Work to complete –
In the material below, find the line with "Salvequick Plastry Family Mix 26 Szt." and the line with "Auburn University Logo". Output exactly those two lines and all lines between them, leaving out pictures.

*** Opening Data excerpts ***

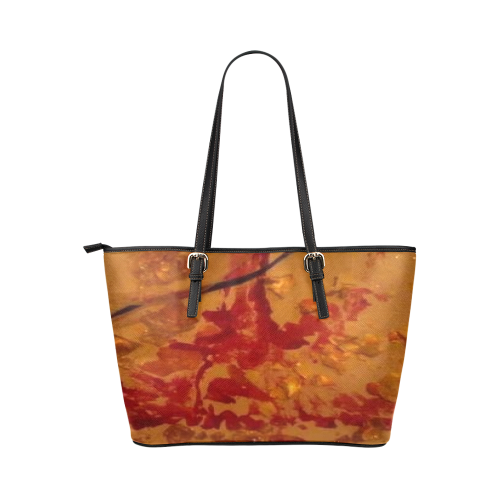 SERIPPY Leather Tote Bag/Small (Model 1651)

*** Closing Data excerpts ***
*** Opening Data excerpts ***

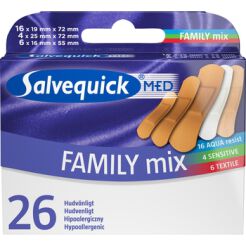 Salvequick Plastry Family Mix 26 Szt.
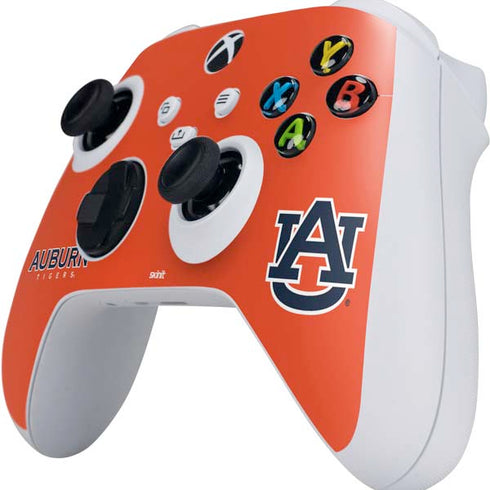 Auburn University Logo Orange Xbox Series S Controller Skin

*** Closing Data excerpts ***

Response to the exercise –
 Salvequick Plastry Family Mix 26 Szt.
 Auburn University Logo Orange Xbox Series S Controller Skin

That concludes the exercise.